- Born: Italy
- Education: University of Genoa Istituto Italiano di Tecnologia
- Occupations: Roboticist, inventor
- Known for: Exo Turn powered exoskeleton

= Serena Ivaldi =

Italian roboticist

Serena Ivaldi is a robotics researcher specializing in human-robot interaction.

== Life and work ==
Born in Italy, Ivaldi's interest in robots began when she read the science fiction books of Isaac Asimov. She earned her master's degree in automatic control and robotics at the University of Genoa, before completing her PhD at the Robotics, Brain and Cognitive Science Lab of the Istituto Italiano di Tecnologia also in Genoa. In 2011, she left Italy for Paris to start her first post-doc at the Institute of Intelligent Systems and Robotics at the Pierre and Marie-Curie University, which became the Sorbonne University in 2017.

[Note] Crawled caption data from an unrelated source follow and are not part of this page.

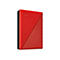 Disque dur externe rouge. Le logo WD est visible sur la surface, ainsi qu'un design nervuré.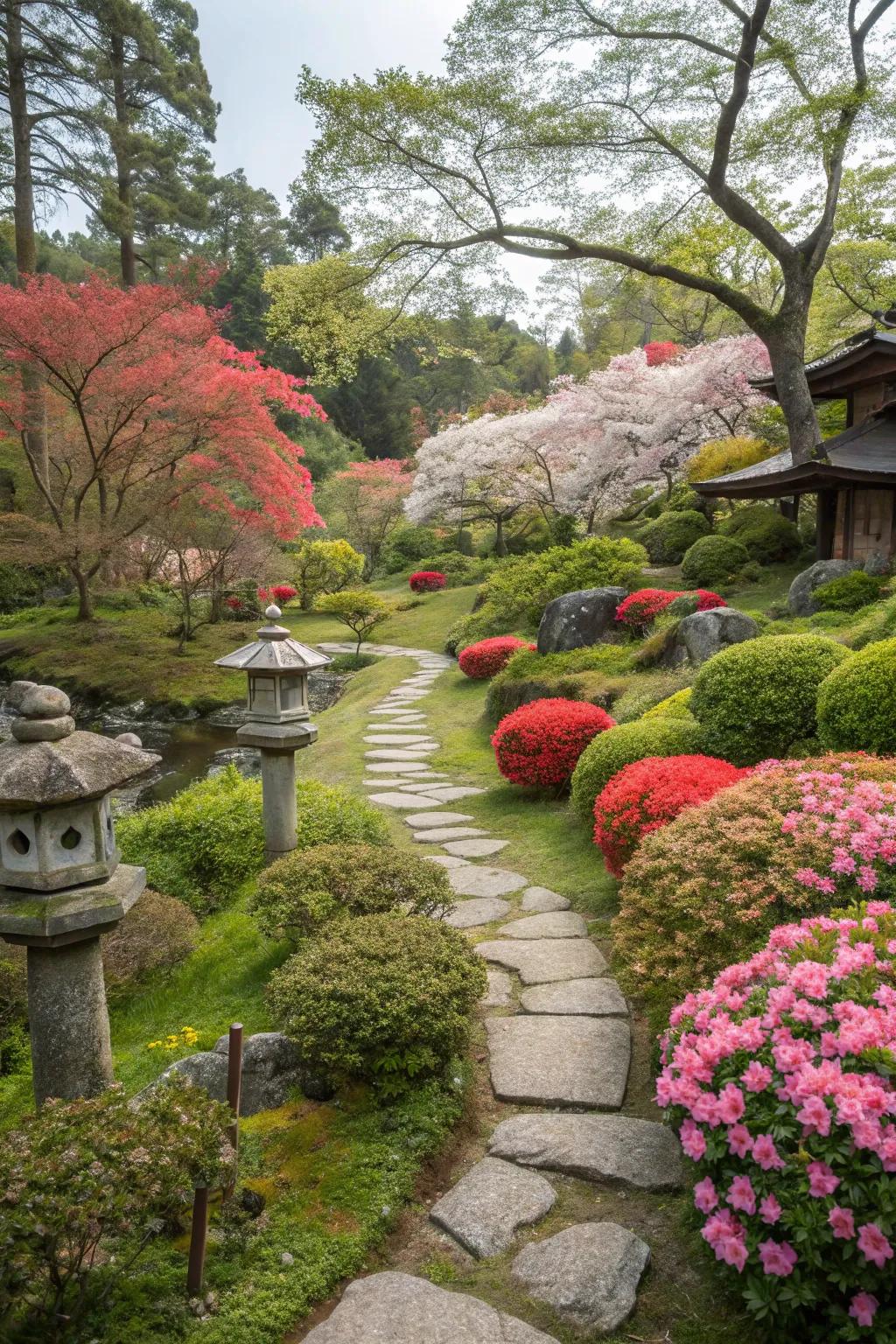 Seasonal plants providing year-round interest in a Japanese garden.
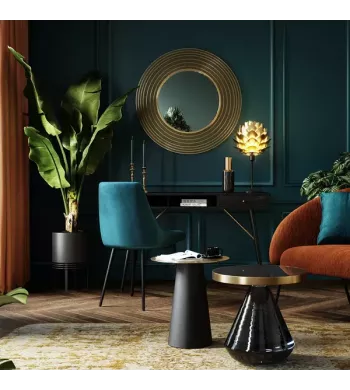 Chaise en velours bleu - BARI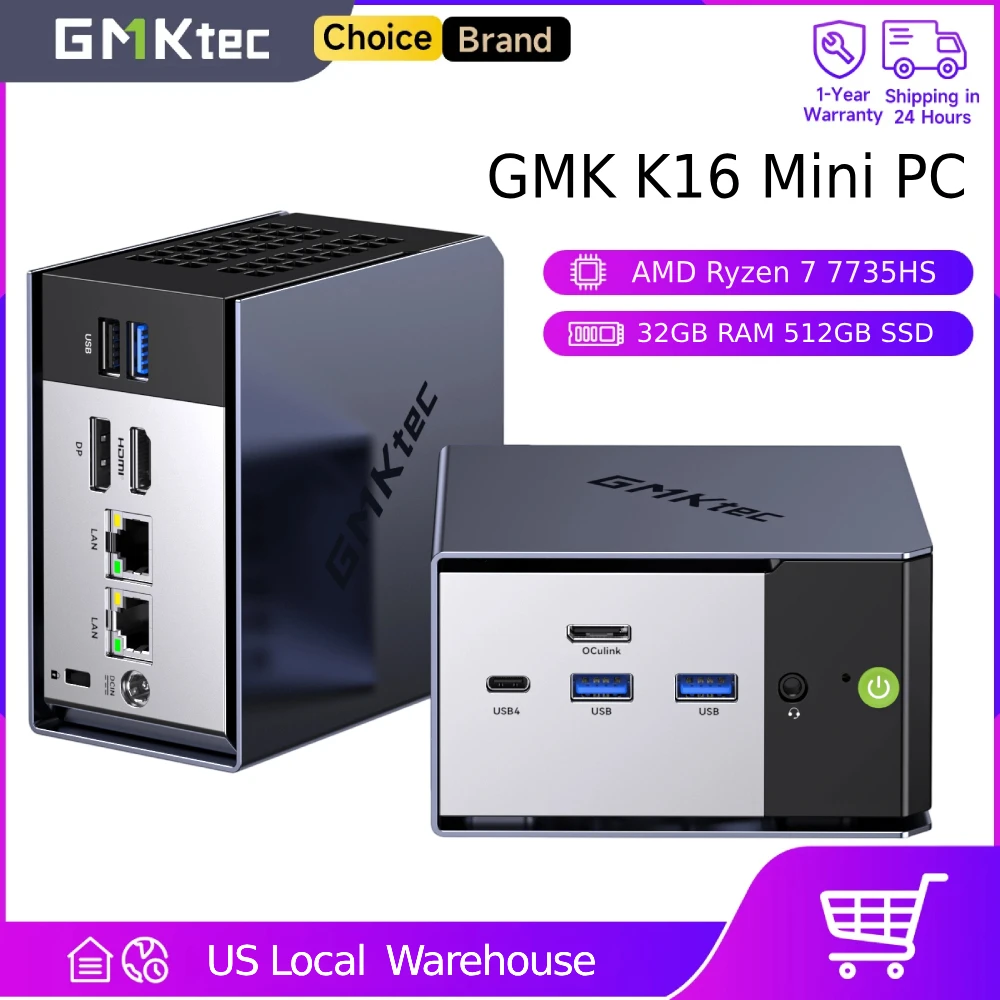 GMKtec Nucbox K16 Amd Ryzen ™   7 7735Hs 16Gb Rom 512Gb Ssd Mini Pc Pcie 3.0 M.2 2280 Window 11 Pro Wifi 6E Bt5.2 Usb4.0 Mini Pc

In May 2014, Ivaldi joined the IAS group at Darmstadt University of Technology in Germany for a second post-doc in the CoDyCo project. In November 2014, she became a research fellow at the French Institute for Research in Computer Science and Automation in Nancy, France. She then joined the LARSEN project in 2014 at 34 years of age, as a specialist in human-robot interaction. She took part in the European HEAP and H2020 "AnDy" projects. The ANDY project's goal was to improve the ability of collaborative robots (called CoBots) to work easily with people in environments both industrial and domestic to reduce the risk of injury to humans.

At the time of the COVID-19 pandemic in France, at the end of March 2020, she co-created with Nicla Settembre (Centre Hospitalier Régional et Universitaire de Nancy, INSERM and Université de Lorraine) the Exo Turn project, designed to validate the use of an exoskeleton to turn over patients in their intensive care beds and give caregivers relief with this physical task that causes significant strain on the lumbar region of those who do the heavy lifting. During the pandemic, patients were turned over up to eight times a day to help with breathing. Laevo exoskeletons were tested by 60 caregivers and then used with patients; other experiments were completed for other hospital applications. This was the first known use of exoskeletons in a hospital intensive care unit.

== Honors and awards ==
Ivaldi received the Suzanne Zivi Award in 2020 for research excellence.

Since 2021, she has been editor-in-chief of the International Journal of Social Robotics. She is a former associate editor for IEEE Robotics and Automation Letters (2017–2021).